I think Archimedes must have felt this in his tub and trembled a little, corresponding to the thought flying through him while he soaked. That fleeting idea he hadn’t considered before but as the water spilled over it hit him lightning-like, and so, weightless, breathless, and naked, he ran into the street shouting, “Eureka!”
That was what it was like to read this by John Barth:
IN THE LAST Years of the Seventeenth Century there was to be found among the fops and fools of the London coffee-houses one rangy, gangling flitch called Ebenezer Cooke, more ambitious than talented, and yet more talented than prudent, who, like his friends-in-folly, all of whom were supposed to be educating at Oxford or Cambridge, had found the sound of Mother English more fun to game with than her sense to labor over, and so rather than applying himself to the pains of scholarship, had learned the knack of versifying, and ground out quires of couplets after the fashion of the day, afroth with Joves and Jupiters, aclang with jarring rhymes, and string-taut with similes stretched to the snapping-point.
As poet, this Ebenezer was not better nor worse than this fellows, none of whom left behind him anything nobler than his own posterity; but four things marked him off from them. The first was his appearance: pale-haired and pale-eyed, raw-boned and gaunt-cheeked, he stood—nay, angled—nineteen hands high. His clothes were good stuff well tailored, but they hung on his frame like luffed sails on long spars.

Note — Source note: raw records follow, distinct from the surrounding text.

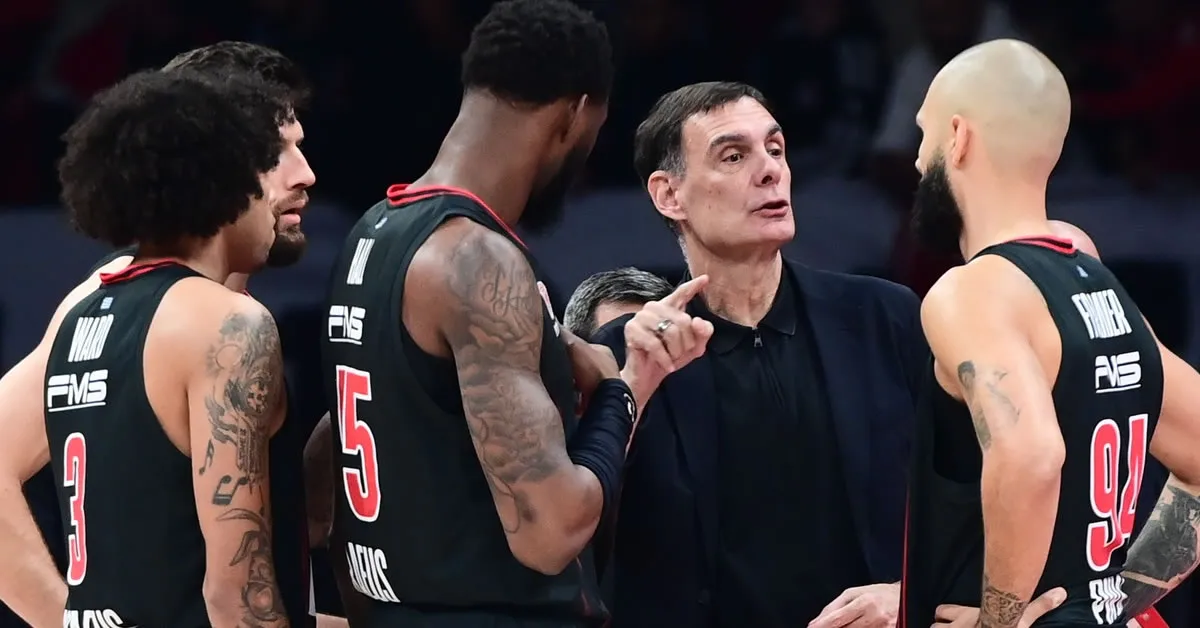 Ο Γιώργος Μπαρτζώκας δίνει οδηγίες στους παίκτες της ομάδας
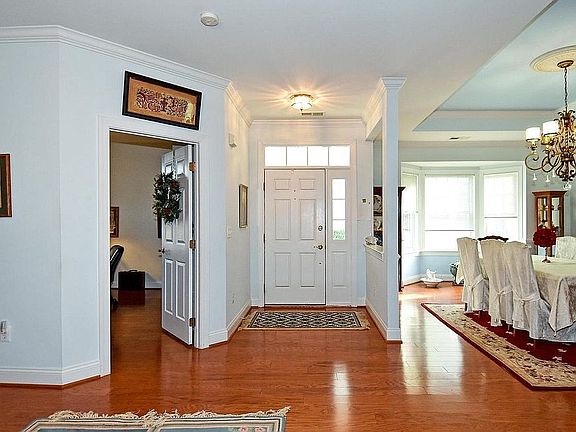 4th image of 5124 Curran Creek Dr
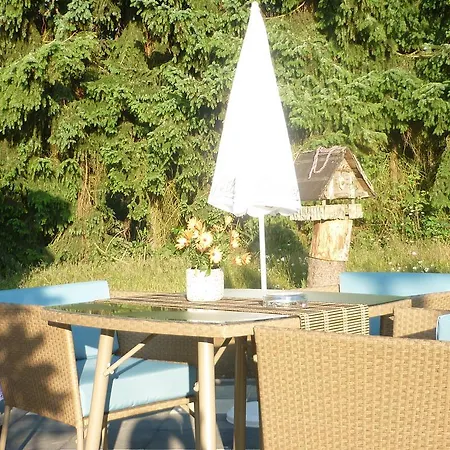 Zu Jeddelohs بيت للعطل Gladenbach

Heron of a man, lean-limbed and long-billed, he walked and sat with loose-jointed poise; his every stance was angular surprise, his each gesture half flail. Moreover there was a discomposure about his face, as though his features got on ill together: heron’s beak, wolf-hound’s fore-head, pointed chin, lantern jaw, wash-blue eyes, and bony blond brows had minds of their own, went their own ways, and took up odd postures, which often as not had no relation to what one took as his mood of the moment. And these configurations were short-lived, for like restless mallards the features of his face no sooner were settled than ha! they’d be flushed, and hi! how they’d flutter, and no man could say what lay behind them.
—The first page of John Barth’s book, The Sot-Weed Factor
Off to go buy some books.


Mm. Pyrotechnics, verbal or otherwise, is a young man's game. Enjoy in moderation. (I shudder to think you may discover Robert Nye next.)